The MX250 is an entry-level graphics card designed specifically for laptops. But so much about it has been a mystery. For starters, Nvidia didn't publicly announce the Pascal-powered graphics card, and the chipmaker only partially lists the graphics card's specifications on its product page. It's hard to blame Nvidia for the discretion though, considering that the MX250 is essentially a rewarmed MX150 with higher clock speeds.
The Pascal part sports 384 CUDA cores and 2GB of GDDR5 memory. The memory runs at 1,502MHz (6,008MHz effective) across a 64-bit memory interface. However, things start going south when it comes to the clock speeds, which is probably the most important specification when it comes to graphics cards that come from the same mold, since it's what dictates the product's performance.
The MX250 employs the GP108 silicon and is rated with a 25W TDP (thermal design power), while the MX250 Max-Q uses the GP108B silicon instead and features a 10W TDP. As per Notebookcheck's sources, the standard version reportedly carries the '1D13' Device ID, while the Max-Q version is allegedly using the '1D52' identifier. So unless the laptop manufacturer explicitly mentions the version employed in the product, there is no way of differentiating one from the other unless you run a software like GPU-Z.
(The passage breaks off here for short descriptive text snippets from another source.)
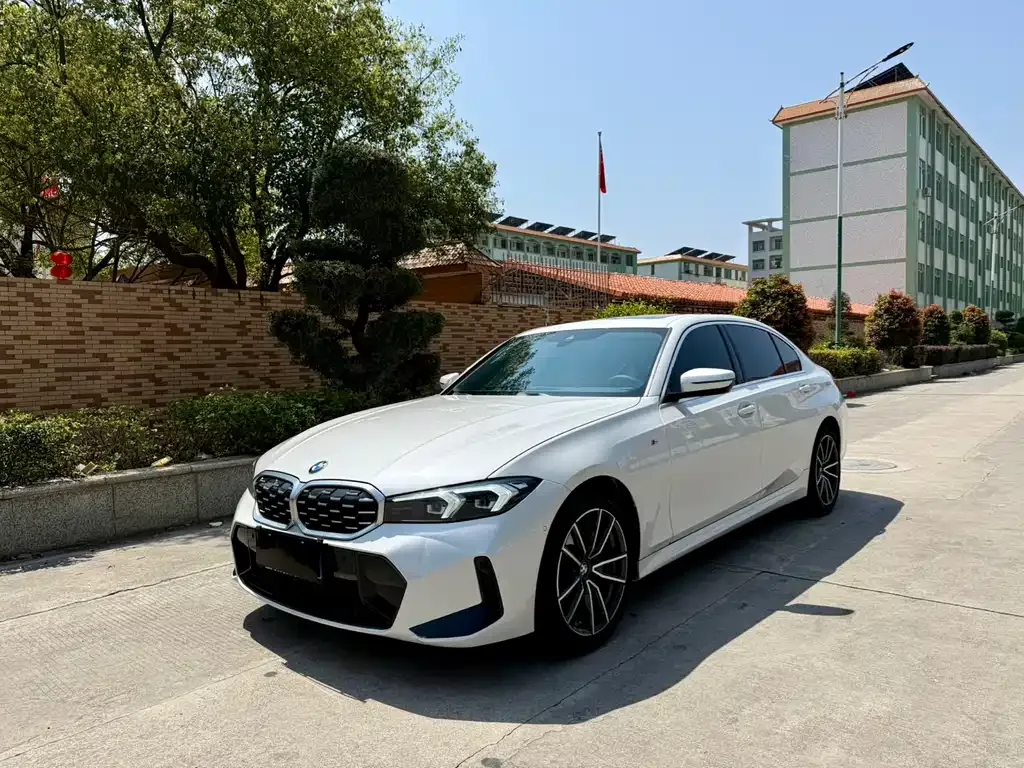 BMW 3 Series 2024 из CN, фото 1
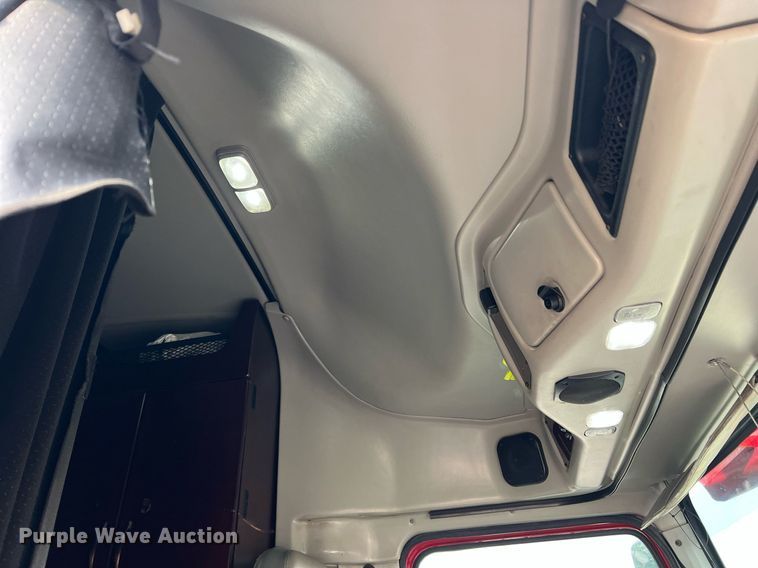 image for item DR5711 2016 Western Star 5700  semi truck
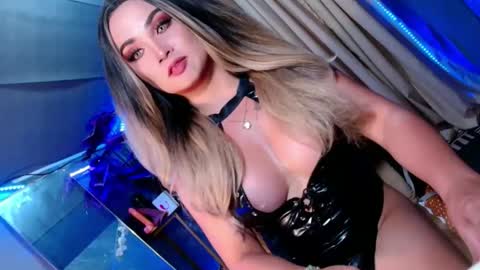 bby_lexielore69 online show from 10.08.25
The standard MX250 comes with a 1,519MHz base clock and a 1,582MHz boost clock. If the MX250 Max-Q is anything like the MX150 Max-Q, it could match the former's operating clocks. So we're looking at a 937MHz base clock and a boost clock in the range of 1,038MHz. To Nvidia's defense, the Santa Clara chipmaker does state on the MX250's product page that clock speeds may vary from one OEM to the next, and it's the OEM's responsibility to communicate the specifications to the consumer.